** Opening Source data block **
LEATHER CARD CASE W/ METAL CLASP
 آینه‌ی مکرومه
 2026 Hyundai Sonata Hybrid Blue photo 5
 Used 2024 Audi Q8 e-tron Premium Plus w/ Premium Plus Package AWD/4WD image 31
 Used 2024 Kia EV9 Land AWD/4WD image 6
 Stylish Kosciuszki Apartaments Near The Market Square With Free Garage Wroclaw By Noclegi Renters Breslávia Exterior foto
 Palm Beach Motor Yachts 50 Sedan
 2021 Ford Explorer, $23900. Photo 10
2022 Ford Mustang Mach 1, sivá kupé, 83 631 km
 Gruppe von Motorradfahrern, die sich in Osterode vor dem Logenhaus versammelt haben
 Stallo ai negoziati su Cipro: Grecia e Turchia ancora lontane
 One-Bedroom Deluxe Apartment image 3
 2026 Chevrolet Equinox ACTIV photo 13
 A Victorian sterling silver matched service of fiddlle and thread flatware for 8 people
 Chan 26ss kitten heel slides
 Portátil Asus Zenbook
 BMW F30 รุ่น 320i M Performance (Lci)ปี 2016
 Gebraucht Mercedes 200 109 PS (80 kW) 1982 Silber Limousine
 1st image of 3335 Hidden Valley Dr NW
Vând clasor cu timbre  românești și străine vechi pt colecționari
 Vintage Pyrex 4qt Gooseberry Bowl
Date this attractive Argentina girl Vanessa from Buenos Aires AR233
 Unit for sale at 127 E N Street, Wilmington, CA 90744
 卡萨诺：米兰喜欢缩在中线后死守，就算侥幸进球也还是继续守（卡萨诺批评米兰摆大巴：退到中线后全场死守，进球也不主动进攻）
** Closing Source data block **
## What is needed
When answering, write out each of the lines above exactly as given.

## Answer to this task
LEATHER CARD CASE W/ METAL CLASP
 آینه‌ی مکرومه
 2026 Hyundai Sonata Hybrid Blue photo 5
 Used 2024 Audi Q8 e-tron Premium Plus w/ Premium Plus Package AWD/4WD image 31
 Used 2024 Kia EV9 Land AWD/4WD image 6
 Stylish Kosciuszki Apartaments Near The Market Square With Free Garage Wroclaw By Noclegi Renters Breslávia Exterior foto
 Palm Beach Motor Yachts 50 Sedan
 2021 Ford Explorer, $23900. Photo 10
2022 Ford Mustang Mach 1, sivá kupé, 83 631 km
 Gruppe von Motorradfahrern, die sich in Osterode vor dem Logenhaus versammelt haben
 Stallo ai negoziati su Cipro: Grecia e Turchia ancora lontane
 One-Bedroom Deluxe Apartment image 3
 2026 Chevrolet Equinox ACTIV photo 13
 A Victorian sterling silver matched service of fiddlle and thread flatware for 8 people
 Chan 26ss kitten heel slides
 Portátil Asus Zenbook
 BMW F30 รุ่น 320i M Performance (Lci)ปี 2016
 Gebraucht Mercedes 200 109 PS (80 kW) 1982 Silber Limousine
 1st image of 3335 Hidden Valley Dr NW
Vând clasor cu timbre  românești și străine vechi pt colecționari
 Vintage Pyrex 4qt Gooseberry Bowl
Date this attractive Argentina girl Vanessa from Buenos Aires AR233
 Unit for sale at 127 E N Street, Wilmington, CA 90744
 卡萨诺：米兰喜欢缩在中线后死守，就算侥幸进球也还是继续守（卡萨诺批评米兰摆大巴：退到中线后全场死守，进球也不主动进攻）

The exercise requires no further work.